Siempre que se producen asesinatos de alto impacto, los decibeles de los reclamos y las protestas alcanzan niveles ensordecedores, y el de los ejemplares sacerdotes jesuitas Javier Campos y Joaquín César Mora, no podían ser la excepción. Tampoco el guía de turistas Pedro Eliodoro Palma al que muchos mencionan para no verse mal, en un país donde todavía hay asesinados de primera y de segunda.

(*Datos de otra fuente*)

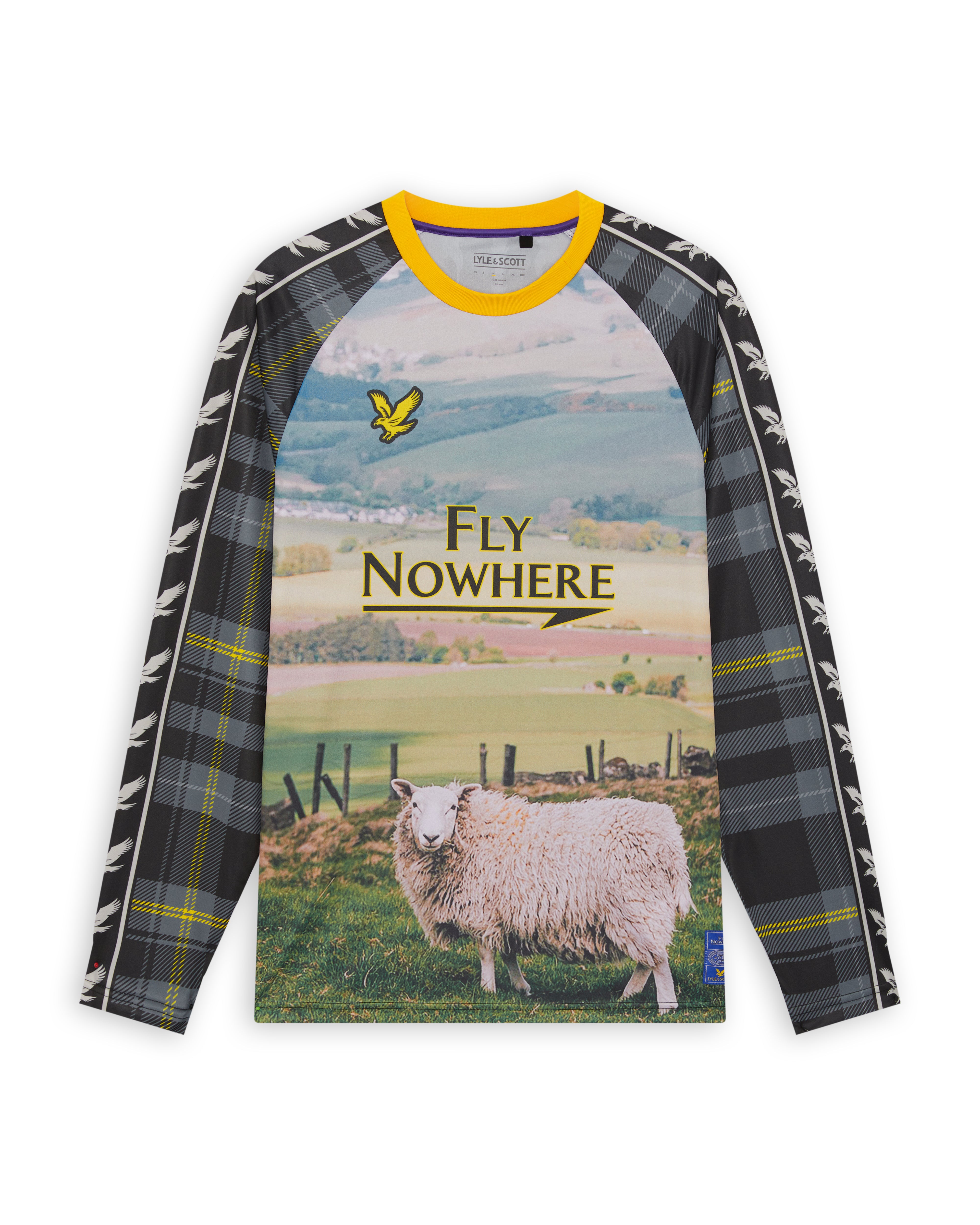 Fly Nowhere + Lyle & Scott Mercatino Jersey, L/S Jet Black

Lo ilustra este juicio: “Respetuosamente pido, señor presidente de la república, que revise su proyecto de seguridad pública, nuestro tono es pacífico, pero alto y claro, invitando a que las acciones de gobierno acaben con la impunidad; son miles los dolientes sin voz que claman justicia en nuestra nación. Los abrazos ya no nos alcanzan para cubrir los balazos”, dijo desde el púlpito el clérigo de Creel, Javier Ávila Aguirre, durante la misa de cuerpo presente para los asesinados el 20 de junio en Cerocahui, Chihuahua. También el abuso de la retórica, “la sangre de Pedro, Javier y Joaquín se une al río de sangre que corre por nuestro país”.
La expresión de Ávila Aguirre reproduce la puja por responsabilizar de todo lo sucedido e incluso hasta por suceder al presidente Andrés Manuel, por lo menos en materia de inseguridad, ignorando las atribuciones de los alcaldes y gobernadores, los poderes Judicial y Legislativo y el enjambre de órganos autónomos, incluida la CNDN. Retrocedemos a los tiempos del gran Tlatoani en todo su esplendor en una república federativa, sólo que por desgracia debido al cálculo político, pero también religioso y empresarial.

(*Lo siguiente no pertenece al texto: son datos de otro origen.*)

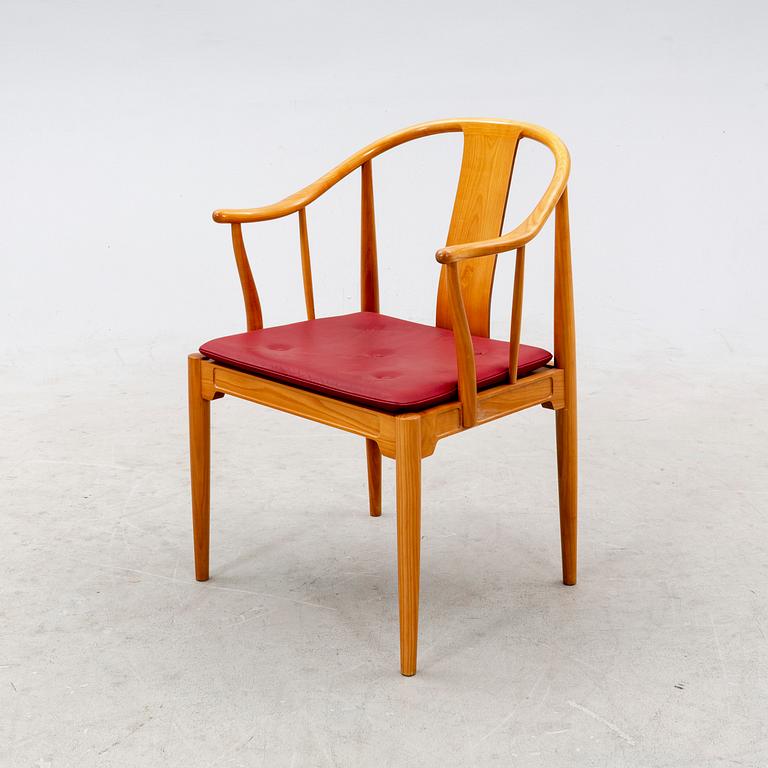 Hans J Wegner, a Kina-stilen armchair for Fritz Hansen, Denmark, dated 1994.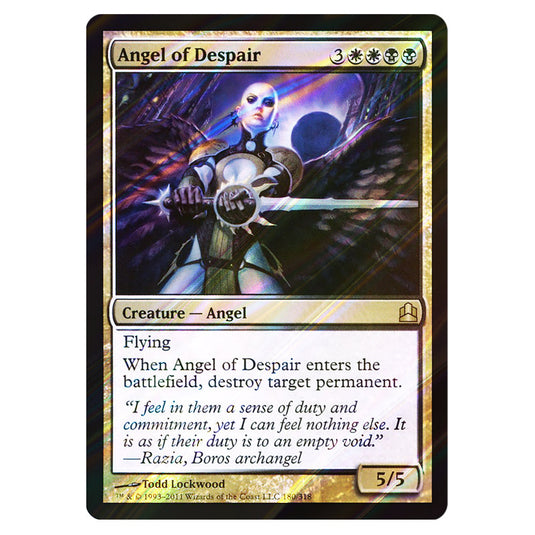 Angel of Despair 180 card from the Magic The Gathering set Commander 2011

Qué bueno que la diversidad de las voces se expresen sin límites, pero el posicionamiento de la Conferencia de Provinciales Jesuitas de América Latina y el Caribe, leída por Luis Gerardo Moro, fue mucho más asertivo: “(…) sepan que no nos vamos a ir de la sierra Tarahumara; todas las personas, gobiernos, sociedad, empresarios e Iglesia tenemos una responsabilidad moral de tantos asesinatos y personas desaparecidas, y necesitamos ya hacer algo”. Cívica, señor.
Desde septiembre de 2004, en este espacio de diálogo –para eso es Acuse de recibo– se plantea que mientras la sociedad no tome en sus manos el problema de la inseguridad pública con medidas preventivas es imposible que la seguridad se abra paso al ritmo que la sociedad exige. Según expertos para que suceda un robo, asalto o secuestro, el ciudadano aporta la mitad con sus descuidos. Además porque son siglos de connivencia entra autoridades y crimen organizado. Recuérdese al exgobernador Sócrates Rizzo reconociendo que su partido, el Revolucionario, negociaba con los capos de las bandas. A Carlos Salinas protegiendo a Juan N. Guerra, el amigo de Raúl Salinas Lozano. A Vicente Fox organizando “desfiles militares” en localidades como Reynosa, Tamaulipas, después del niño ahogado, según denuncia de Arturo Solís.
La Conferencia del Episcopado Mexicano reaccionó con mucha energía, pero fue incapaz de hacer un deslinde con los confesores de los Beltrán Leyva y alegaron el “sagrado derecho de confesión” para negar la información a la Procuraduría General de la República. Para no hablar de la extendida práctica de las narcolimosnas, reconocidas por ministros de culto. Y las negociaciones en Guerrero del obispo de Chilpancingo, Salvador Rangel, con el crimen organizado para que “dejen votar a la población”. Lo que en mala hora pretende justificar Bernardo Barranco así: “Ante la ausencia del Estado, la Iglesia, que está presente en estos lugares apartados y abandonados, tiene un papel de mediación”. ¡Cínicos!